Dashboard Explanation - Fleet-Analytics-Dashboard/Application GitHub Wiki
Here, the calculation and creation of the data visualizations of the respective views are shown
1. General
This dashboard consist of three pages. They can be accessed using the respective links in the navigation. The explanation for these views can be found below:
2. Home View
The home view is a collection of the most important visualizations and gives the user an insight of the overall situation. It enables quick business decisions based on key figures and shows most urgent challenges.
2.1. Key metrics, Business Goals, and Costs
The cards at the top of the dashboard give an insight of the key figures and their growth/decrease compared to the previous month.
Business Goals
- The bar graph displays the three business goals revenue, profit and liquidity over a given period of time. In our case, the goals are displayed in USD Millions a year.

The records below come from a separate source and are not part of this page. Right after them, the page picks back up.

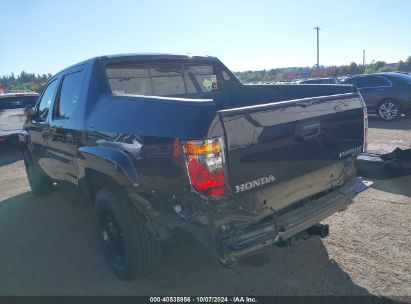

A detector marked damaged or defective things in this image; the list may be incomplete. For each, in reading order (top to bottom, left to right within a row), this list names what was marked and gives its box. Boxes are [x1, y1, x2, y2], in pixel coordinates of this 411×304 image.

damaged rear bumper [219, 177, 374, 260]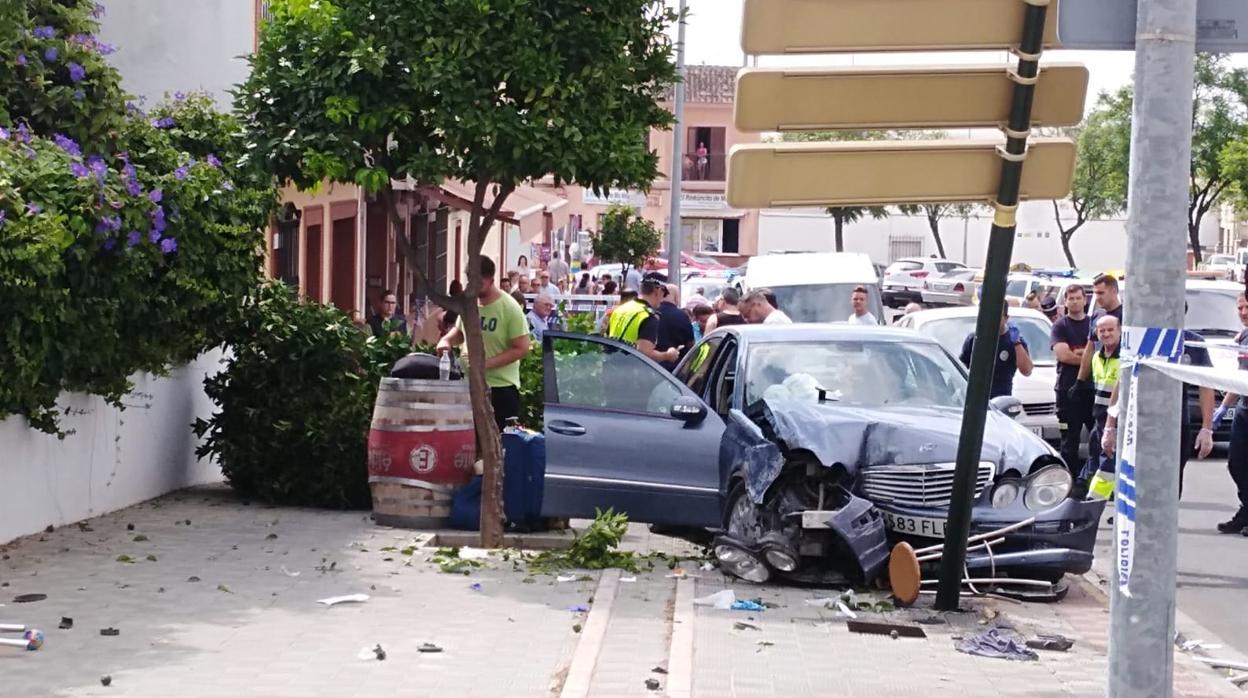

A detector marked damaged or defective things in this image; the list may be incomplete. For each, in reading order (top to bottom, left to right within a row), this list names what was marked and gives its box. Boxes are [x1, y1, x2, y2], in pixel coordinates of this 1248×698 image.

crashed dark blue mercedes sedan [536, 324, 1103, 586]
crushed car hood [743, 399, 1058, 501]
detached front bumper [878, 496, 1103, 579]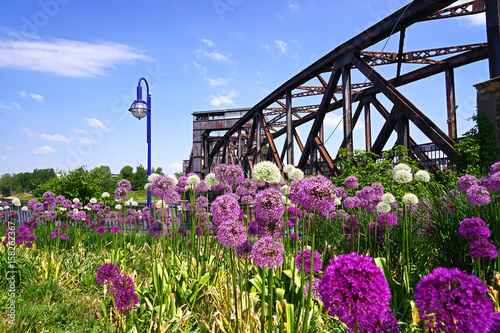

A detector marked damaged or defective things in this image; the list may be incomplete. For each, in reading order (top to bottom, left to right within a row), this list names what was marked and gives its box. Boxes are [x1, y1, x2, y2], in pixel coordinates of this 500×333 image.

rusty steel structure [187, 0, 500, 178]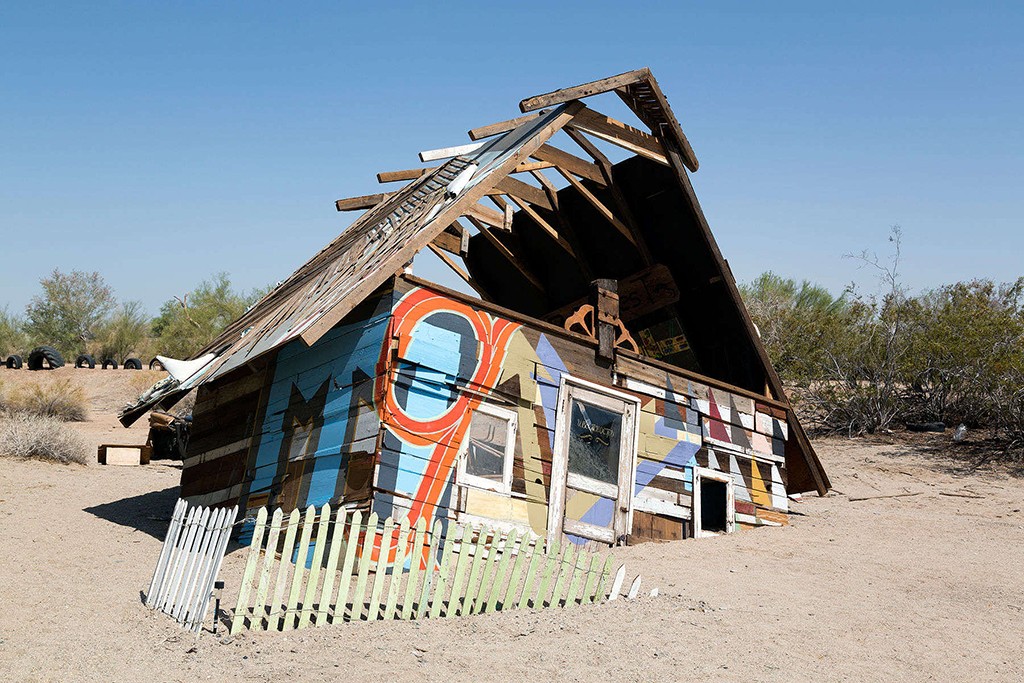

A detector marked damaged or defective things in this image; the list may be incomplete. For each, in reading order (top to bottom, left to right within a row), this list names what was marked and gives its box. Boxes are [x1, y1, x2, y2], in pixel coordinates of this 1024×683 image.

broken roof sheathing [126, 69, 832, 494]
broken wooden fence [147, 496, 239, 636]
broken wooden fence [232, 504, 640, 632]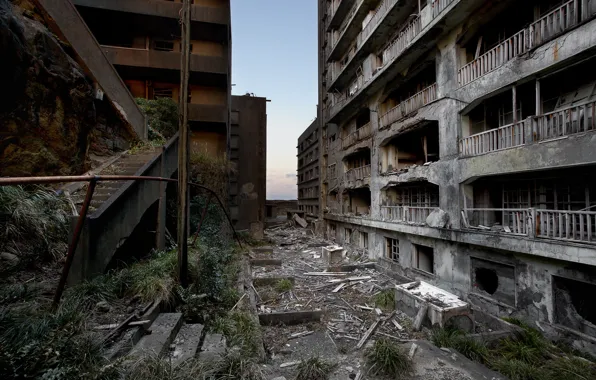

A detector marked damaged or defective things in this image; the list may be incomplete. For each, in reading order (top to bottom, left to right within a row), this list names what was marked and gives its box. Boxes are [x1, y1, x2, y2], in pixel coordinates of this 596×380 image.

rusted steel frame [51, 177, 97, 310]
rusty metal handrail [0, 175, 242, 308]
rusted steel frame [0, 175, 242, 308]
broken concrete slab [131, 312, 183, 356]
broken concrete slab [172, 322, 205, 366]
rusted steel frame [192, 193, 213, 246]
broken concrete slab [200, 332, 228, 362]
broken concrete slab [258, 310, 324, 326]
broken concrete slab [322, 246, 344, 264]
broken window [414, 246, 434, 274]
broken concrete slab [396, 280, 470, 332]
broken concrete slab [426, 208, 450, 229]
broken window [472, 255, 516, 306]
broken window [556, 276, 596, 336]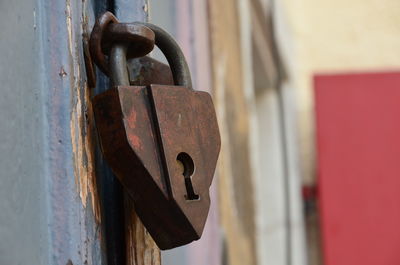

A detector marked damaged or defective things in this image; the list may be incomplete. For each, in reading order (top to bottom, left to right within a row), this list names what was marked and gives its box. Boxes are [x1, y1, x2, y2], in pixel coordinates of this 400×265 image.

rusty padlock [91, 17, 222, 249]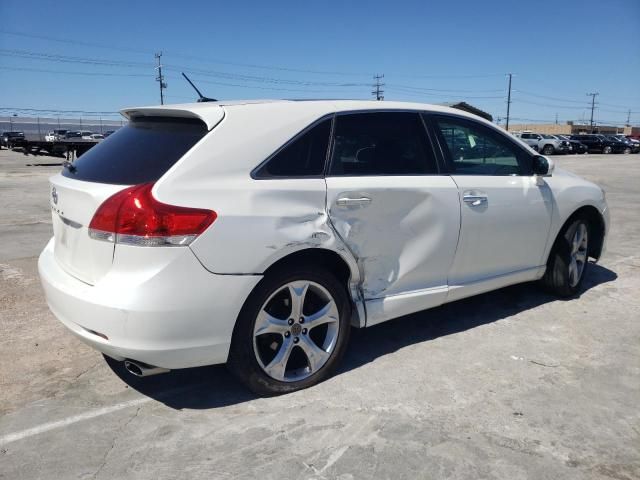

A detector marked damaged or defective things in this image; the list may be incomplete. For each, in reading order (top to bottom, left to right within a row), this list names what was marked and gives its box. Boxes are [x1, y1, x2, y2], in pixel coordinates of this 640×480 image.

cracked concrete pavement [0, 148, 636, 478]
dented door panel [324, 176, 460, 304]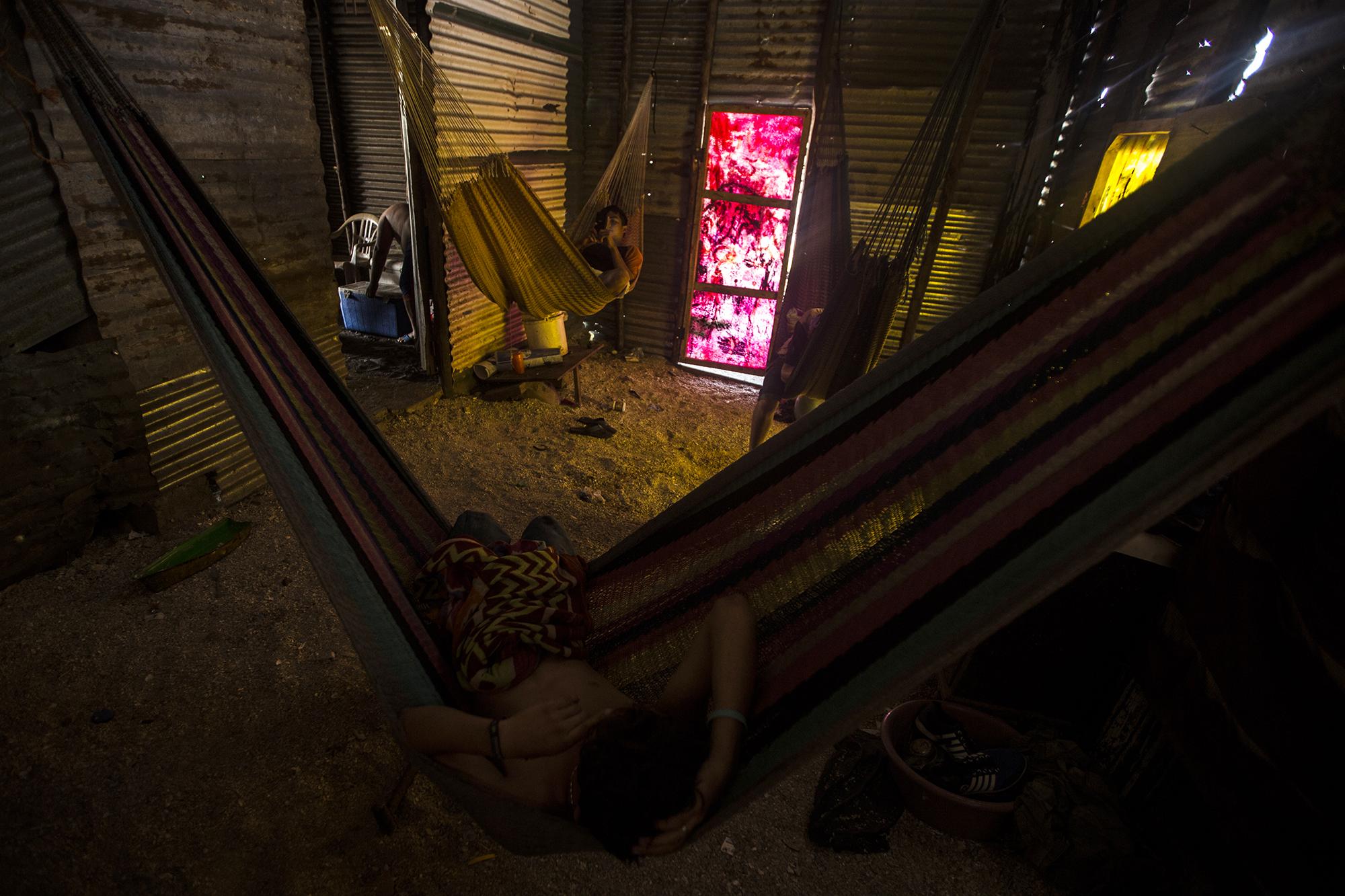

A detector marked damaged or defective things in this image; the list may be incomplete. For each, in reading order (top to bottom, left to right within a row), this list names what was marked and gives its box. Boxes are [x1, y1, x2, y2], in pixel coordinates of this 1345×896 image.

rusted metal sheet [1, 104, 89, 352]
rusted metal sheet [25, 0, 342, 503]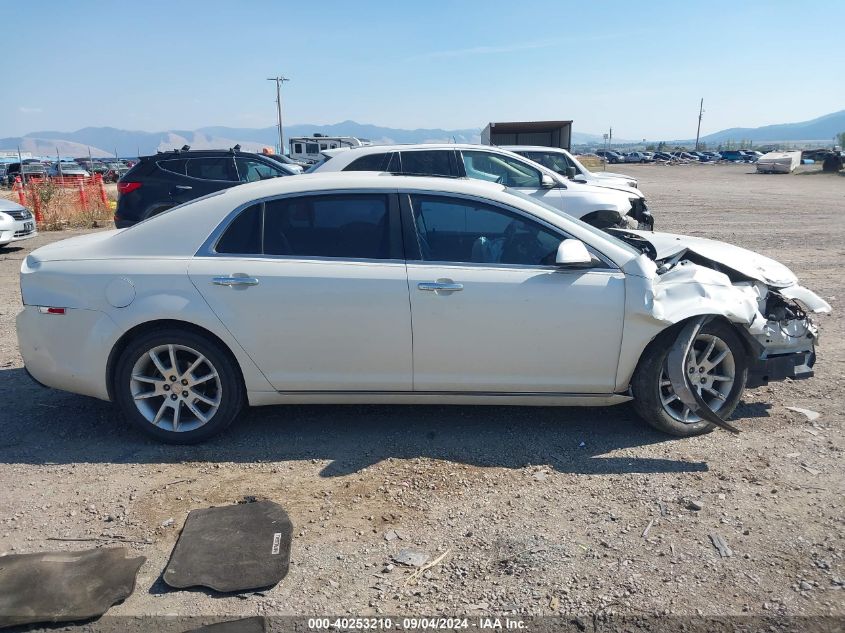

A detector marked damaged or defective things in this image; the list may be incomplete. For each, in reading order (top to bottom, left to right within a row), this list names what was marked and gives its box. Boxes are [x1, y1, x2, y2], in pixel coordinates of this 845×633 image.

damaged white car in background [16, 170, 828, 442]
crumpled hood [616, 230, 796, 286]
damaged front end of car [612, 230, 832, 432]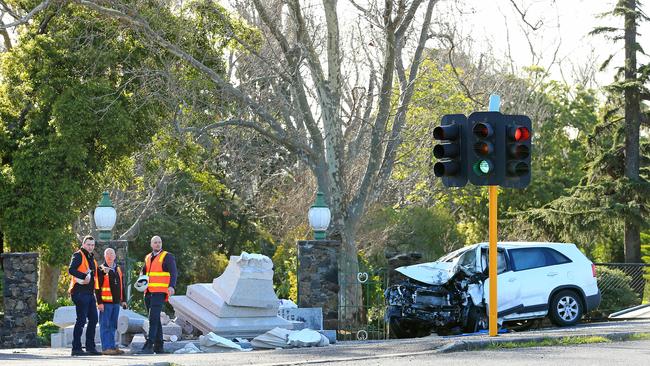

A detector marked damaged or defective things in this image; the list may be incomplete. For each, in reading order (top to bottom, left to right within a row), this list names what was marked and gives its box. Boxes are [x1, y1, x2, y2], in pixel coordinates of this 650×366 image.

crushed car hood [392, 260, 458, 286]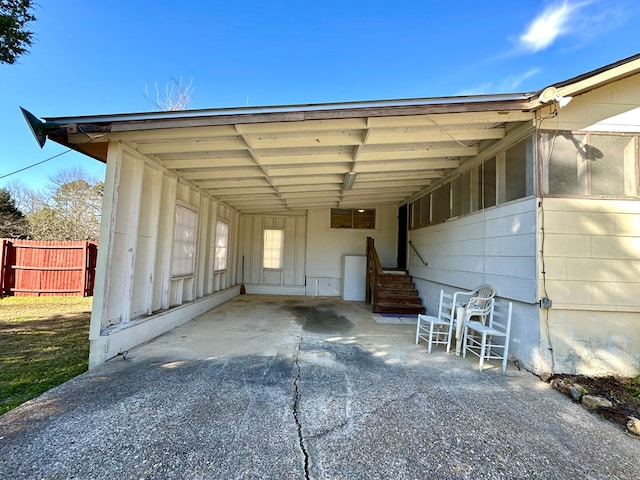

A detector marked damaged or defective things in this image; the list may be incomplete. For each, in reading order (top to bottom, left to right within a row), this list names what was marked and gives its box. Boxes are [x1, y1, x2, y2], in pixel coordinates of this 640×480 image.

crack in concrete [292, 332, 310, 478]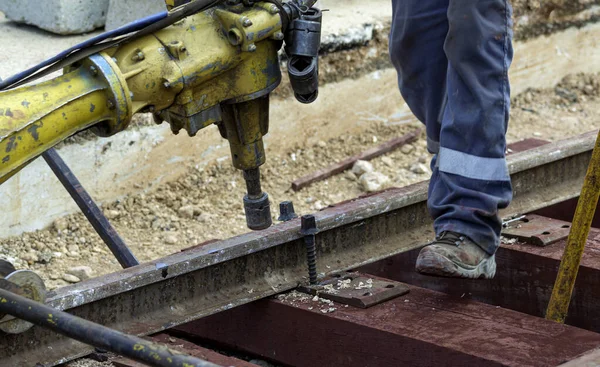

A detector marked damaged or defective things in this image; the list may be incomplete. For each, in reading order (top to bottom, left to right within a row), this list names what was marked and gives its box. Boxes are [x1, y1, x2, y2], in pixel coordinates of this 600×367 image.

rusty metal bar [1, 132, 596, 367]
rusty metal bar [548, 130, 600, 324]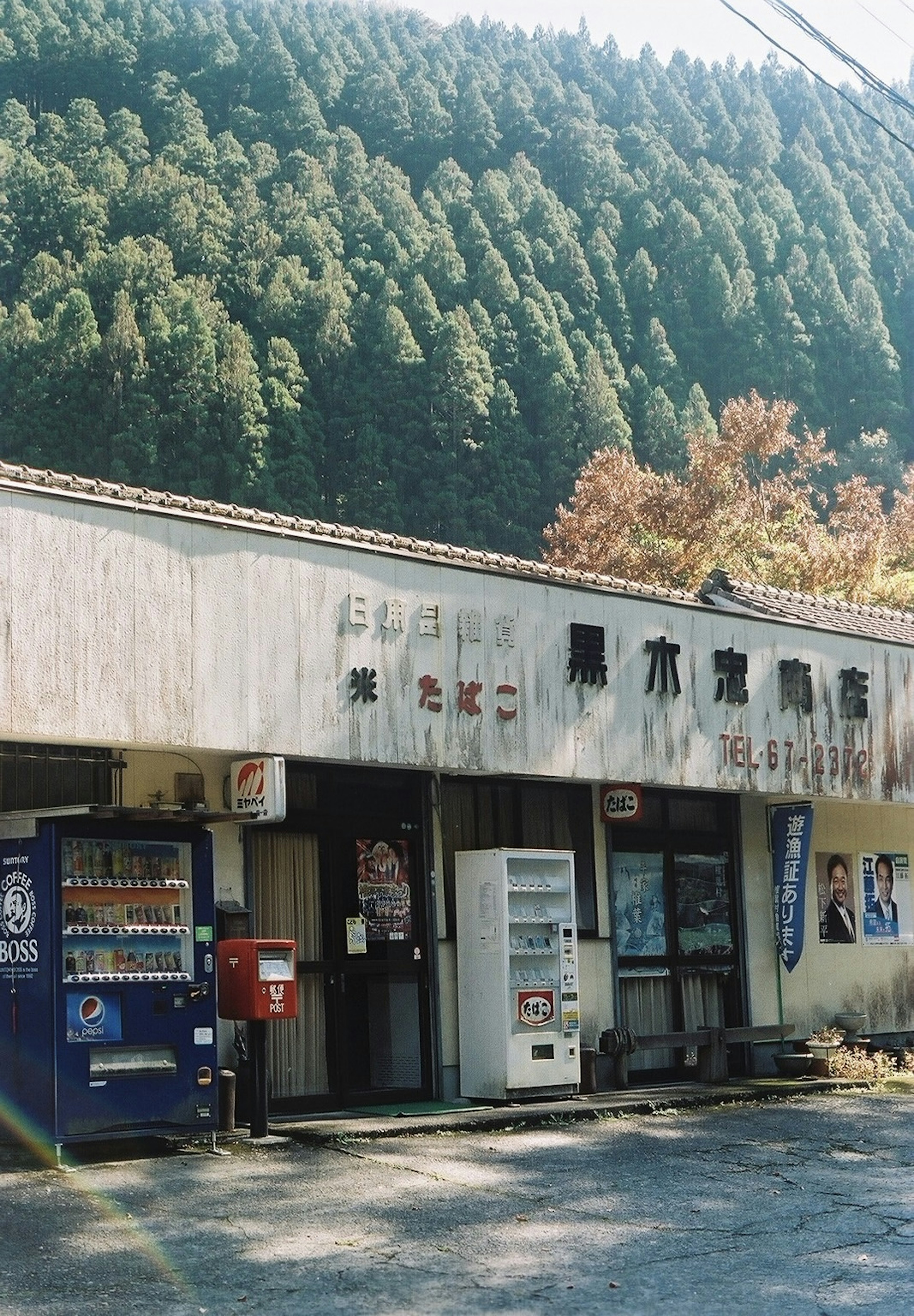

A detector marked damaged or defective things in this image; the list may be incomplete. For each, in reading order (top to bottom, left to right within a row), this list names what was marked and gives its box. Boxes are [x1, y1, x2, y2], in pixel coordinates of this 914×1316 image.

cracked asphalt [2, 1089, 914, 1316]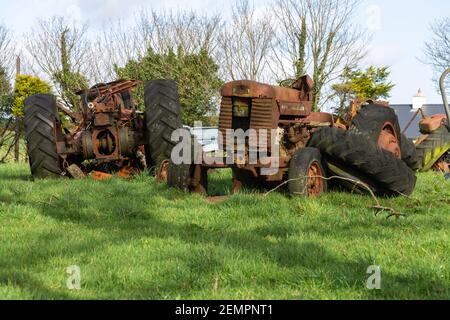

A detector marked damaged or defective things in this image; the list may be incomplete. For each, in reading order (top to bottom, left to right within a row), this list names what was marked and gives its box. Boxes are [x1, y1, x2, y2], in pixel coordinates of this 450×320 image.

red rusty tractor [23, 79, 182, 179]
rusty tractor [23, 79, 182, 180]
rusty radiator grille [248, 98, 272, 151]
red rusty tractor [167, 75, 416, 196]
rusty tractor [170, 75, 418, 196]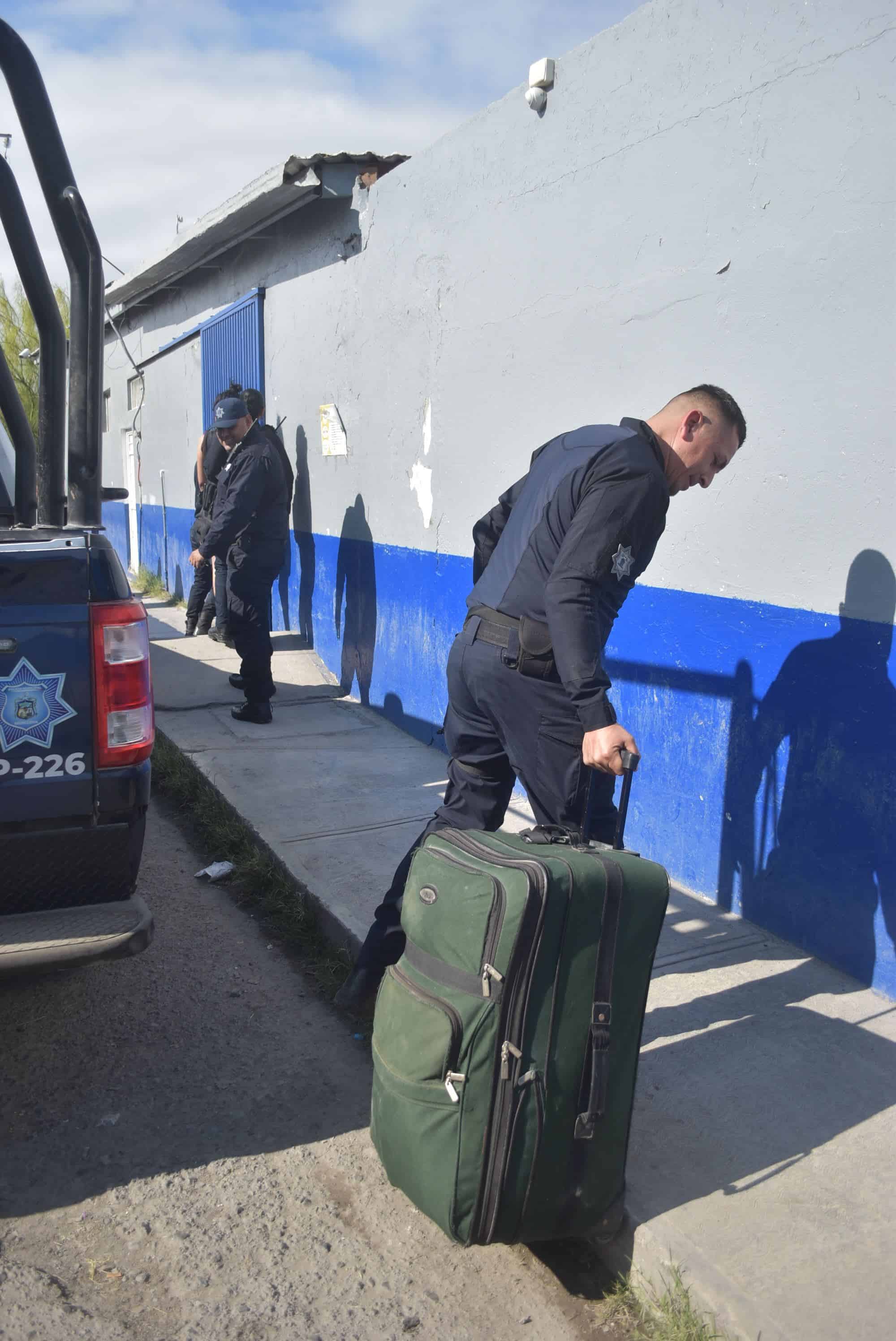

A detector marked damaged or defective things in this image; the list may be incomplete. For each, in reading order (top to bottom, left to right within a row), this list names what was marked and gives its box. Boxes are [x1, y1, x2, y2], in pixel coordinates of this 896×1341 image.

peeling paint [410, 459, 434, 527]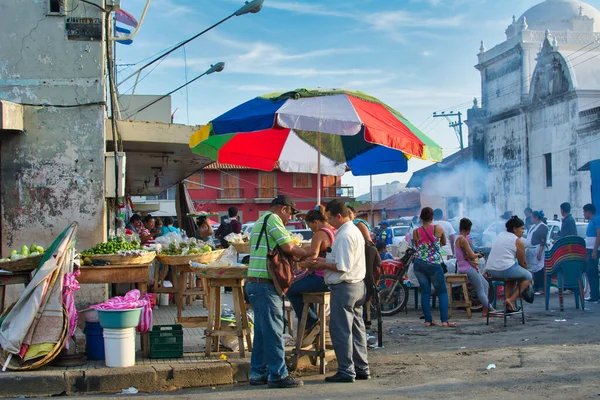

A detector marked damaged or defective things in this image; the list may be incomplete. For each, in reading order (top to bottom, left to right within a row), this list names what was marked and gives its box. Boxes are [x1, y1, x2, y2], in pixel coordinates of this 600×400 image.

peeling paint wall [0, 0, 106, 304]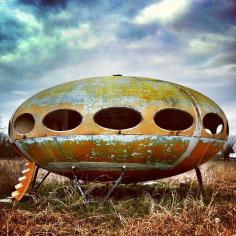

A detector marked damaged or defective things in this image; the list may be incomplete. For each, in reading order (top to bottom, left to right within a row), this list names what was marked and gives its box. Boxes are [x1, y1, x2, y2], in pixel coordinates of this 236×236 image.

- The trendlines represent the growth over the years.
- The bar graph has basic functionality: it enables the user to see the goals in detail by selecting them from the legend or by selecting a certain period of time using the zoom feature.
- The data was simulated using normal distribution and sorted ascending.
Costs
- The costs line chart displays the cost development of certain vehicles from different categories over a given period of time. In our case, the costs are displayed in USD a month.
- The construction of the graph enables more functionality: taking into consideration the different vehicles classes and type, we have decided to filter the costs based on vehicle category.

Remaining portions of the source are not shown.